星の数ほどある記事の中から、こちらをご覧いただき誠にありがとうございます。
この自伝は記録的な意味合いが強く、特に有益な内容を狙ったモノでは御座いません。
ただ、一人のサラリーマンが経験した会社での出来事を徒然なるままに記そうと思います。
いいねやコメントをいただけるとやる気が出て喜びます。
それではどうぞ。
※本編は第1部 新入社員編の続きです。未読の方はそちらを先に読まれた方が良いかもしれませんが、読まなくても良いかもしれません。
第1部 ➡ https://note.com/goldfox/n/n4425306f4734
東京への異動 情報システムとの出会い
20xx年6月 私は営業所での3年間(労働時間としては約6年分)を経て、
東京本社の情報システム部(いわゆる情シス、社内SEとも言う)へ初出社していた。
営業所に比べて本社の立地は抜群であり、都内の一等地 東京駅や銀座にも多少時間はかかるが歩いていける。

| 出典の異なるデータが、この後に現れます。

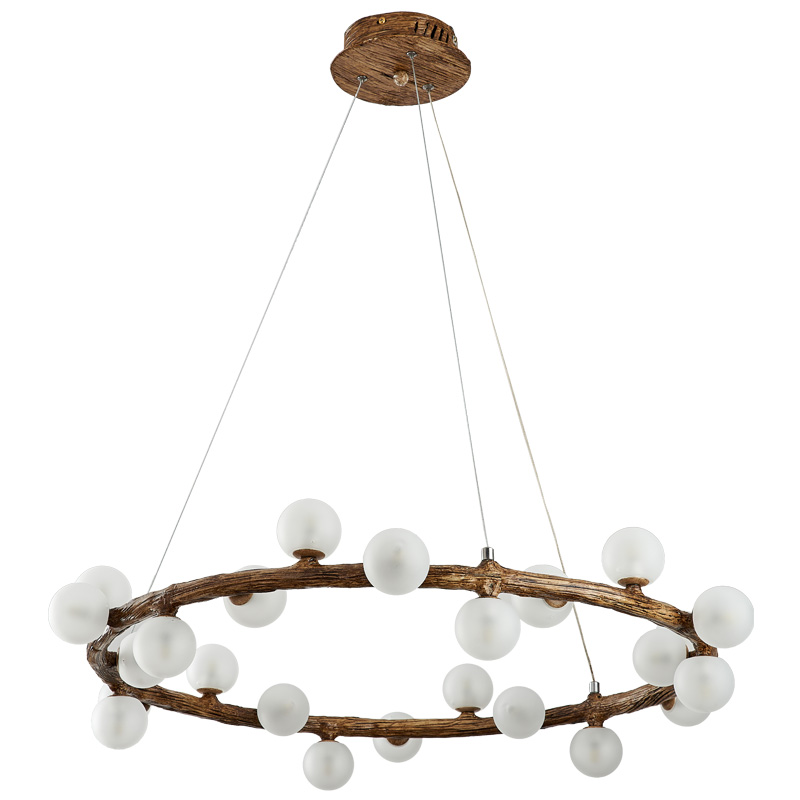 Люстра Circular Branch Chandelier Коричневый Белый в Перми | Loft Concept 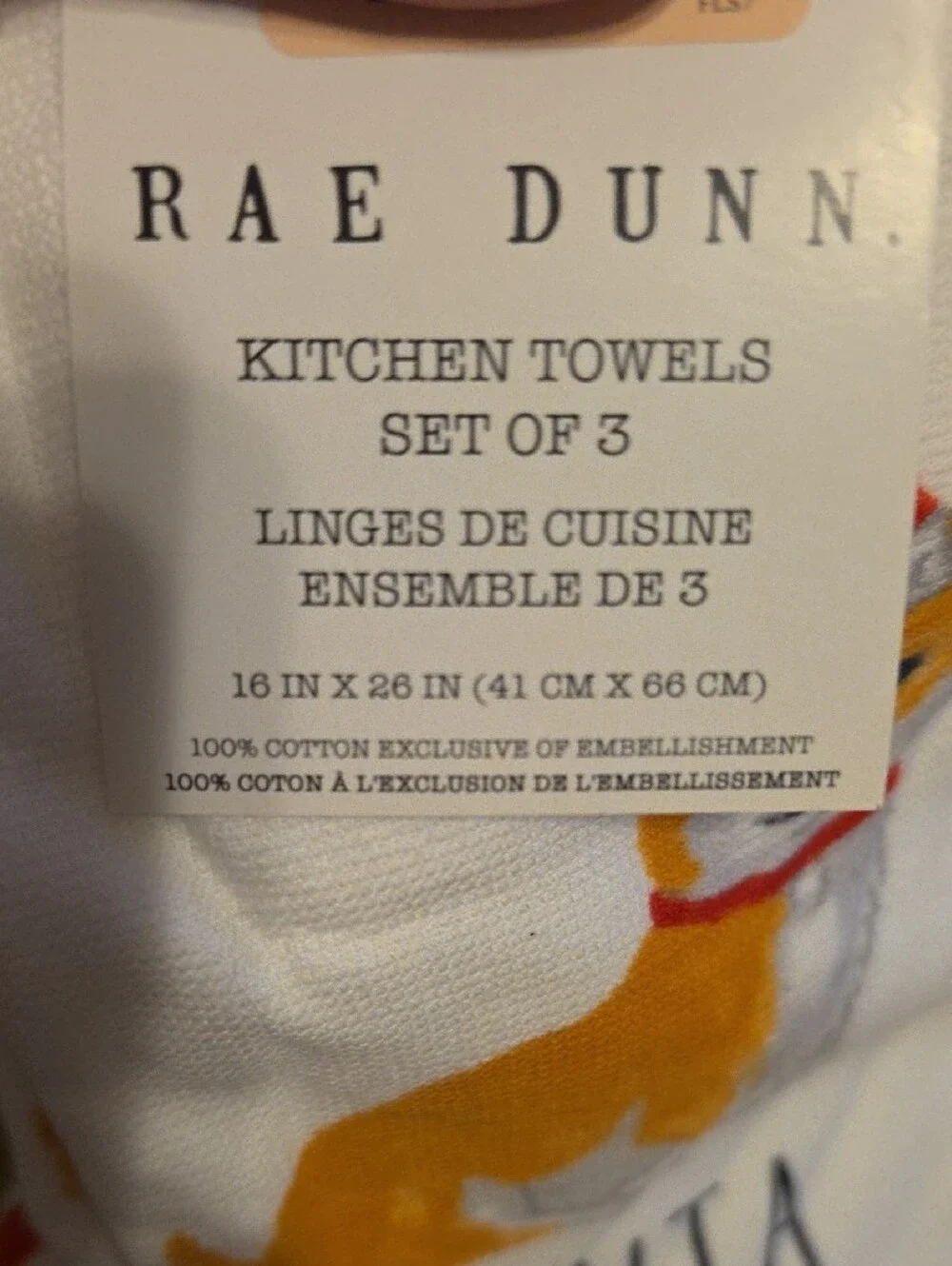Rae Dunn White Kitchen Towels with Orange Corgi 'Santa Paws' Print NWT Set Of 3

毎日作業着に着替えて現場のラインに飛び込んでいた私にとっては、別世界であった。
当時の私の情報システム部に対する認識は以下である。
・情報システムって難しそう
・何も知識の無い素人である私には何も出来ないのではないか
・営業の経験を活かせなそう
・暗いオタクのような人の集まりだろうか
・ネットワークが遅くなったりパソコンが遅いのはこの人たちの責任では
・そもそも何をしている部門なのかさっぱり分からない。
見事にマイナスイメージ。当時と現在(2024年)では大分、システムに対する見え方は変わったと思うが、当時の情報システムに対するイメージは上記であった人が大半ではなかろうか。
簡単に情報システム部(社内SE)の仕事内容を紹介すると以下の通り。
1.基幹系システム※1の運用・保守
2.情報系システム※2の運用・保守
3.インフラ(ネットワーク、サーバー等)の運用・保守
4.会計監査、情報セキュリティ、ガバナンスに関する対応
5.ヘルプデスク(ユーザー問い合わせ対応)
6.パソコンの選定、セットアップ、手配、端末管理などの対応
※1.基幹系システムとは、「販売管理」「在庫管理」「生産管理」「会計」など企業がビジネスを遂行するために必須である業務を効率化するためのシステム。 「基幹」という言葉が分かりづらくしていますが、受発注管理や販売管理、生産管理、在庫管理、会計業務を行うためのシステムと理解して良いでしょう。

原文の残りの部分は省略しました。